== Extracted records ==
- Opening Delimiter -

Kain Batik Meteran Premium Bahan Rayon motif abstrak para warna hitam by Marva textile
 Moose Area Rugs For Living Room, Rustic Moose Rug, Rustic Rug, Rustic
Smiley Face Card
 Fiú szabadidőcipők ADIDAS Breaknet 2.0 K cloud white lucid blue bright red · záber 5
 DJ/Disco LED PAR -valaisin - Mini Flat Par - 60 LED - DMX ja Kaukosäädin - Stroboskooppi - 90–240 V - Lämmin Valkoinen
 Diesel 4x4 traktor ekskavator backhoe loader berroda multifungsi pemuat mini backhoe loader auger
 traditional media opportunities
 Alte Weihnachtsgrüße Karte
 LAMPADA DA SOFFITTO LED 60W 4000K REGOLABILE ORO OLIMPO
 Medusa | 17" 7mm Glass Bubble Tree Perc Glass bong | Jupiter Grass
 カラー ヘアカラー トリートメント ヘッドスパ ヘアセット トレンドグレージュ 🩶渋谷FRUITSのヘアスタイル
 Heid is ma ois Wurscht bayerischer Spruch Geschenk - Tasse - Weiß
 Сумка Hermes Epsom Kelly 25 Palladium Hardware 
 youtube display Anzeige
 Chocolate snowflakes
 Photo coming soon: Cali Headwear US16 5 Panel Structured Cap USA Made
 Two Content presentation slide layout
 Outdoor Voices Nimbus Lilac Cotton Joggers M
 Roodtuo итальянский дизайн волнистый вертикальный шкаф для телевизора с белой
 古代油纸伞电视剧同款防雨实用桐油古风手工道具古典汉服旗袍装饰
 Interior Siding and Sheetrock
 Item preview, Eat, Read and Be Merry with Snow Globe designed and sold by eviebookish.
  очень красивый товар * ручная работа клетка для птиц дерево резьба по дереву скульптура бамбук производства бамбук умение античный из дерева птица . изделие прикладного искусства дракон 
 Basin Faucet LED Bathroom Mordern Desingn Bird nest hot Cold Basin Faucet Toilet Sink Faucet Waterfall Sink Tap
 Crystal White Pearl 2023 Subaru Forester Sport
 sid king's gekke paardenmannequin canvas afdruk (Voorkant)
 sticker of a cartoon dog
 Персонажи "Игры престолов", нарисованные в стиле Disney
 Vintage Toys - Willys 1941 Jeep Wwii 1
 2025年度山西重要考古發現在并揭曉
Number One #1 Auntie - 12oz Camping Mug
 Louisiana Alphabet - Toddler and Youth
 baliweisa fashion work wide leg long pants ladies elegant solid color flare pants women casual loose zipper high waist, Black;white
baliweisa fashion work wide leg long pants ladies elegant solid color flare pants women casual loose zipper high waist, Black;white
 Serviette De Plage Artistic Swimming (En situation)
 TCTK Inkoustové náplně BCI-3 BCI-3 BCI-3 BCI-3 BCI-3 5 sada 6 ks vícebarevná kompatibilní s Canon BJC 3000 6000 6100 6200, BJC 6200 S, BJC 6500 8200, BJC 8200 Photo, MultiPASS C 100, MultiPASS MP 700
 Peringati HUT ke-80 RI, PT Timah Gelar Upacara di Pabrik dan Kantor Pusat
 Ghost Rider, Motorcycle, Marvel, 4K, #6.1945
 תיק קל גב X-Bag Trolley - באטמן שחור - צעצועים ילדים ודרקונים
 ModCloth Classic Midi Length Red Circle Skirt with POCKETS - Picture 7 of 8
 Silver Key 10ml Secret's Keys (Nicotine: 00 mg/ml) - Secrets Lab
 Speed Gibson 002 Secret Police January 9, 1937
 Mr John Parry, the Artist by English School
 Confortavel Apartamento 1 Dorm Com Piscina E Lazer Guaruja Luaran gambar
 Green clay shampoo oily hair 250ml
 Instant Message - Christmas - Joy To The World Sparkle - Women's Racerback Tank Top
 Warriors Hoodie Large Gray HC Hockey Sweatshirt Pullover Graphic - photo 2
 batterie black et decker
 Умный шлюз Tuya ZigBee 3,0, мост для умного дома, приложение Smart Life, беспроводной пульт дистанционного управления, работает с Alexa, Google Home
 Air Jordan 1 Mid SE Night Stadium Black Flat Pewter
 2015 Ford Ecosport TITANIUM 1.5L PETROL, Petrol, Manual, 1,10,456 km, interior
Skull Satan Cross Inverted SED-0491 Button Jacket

- Closing Delimiter -

== TASK ==
Restate word for word the lines above, beginning at the first one and ending at the line that carries "Fiú szabadidőcipők ADIDAS".

== RESPONSE TO THE EXERCISE ==
Kain Batik Meteran Premium Bahan Rayon motif abstrak para warna hitam by Marva textile
 Moose Area Rugs For Living Room, Rustic Moose Rug, Rustic Rug, Rustic
Smiley Face Card
 Fiú szabadidőcipők ADIDAS Breaknet 2.0 K cloud white lucid blue bright red · záber 5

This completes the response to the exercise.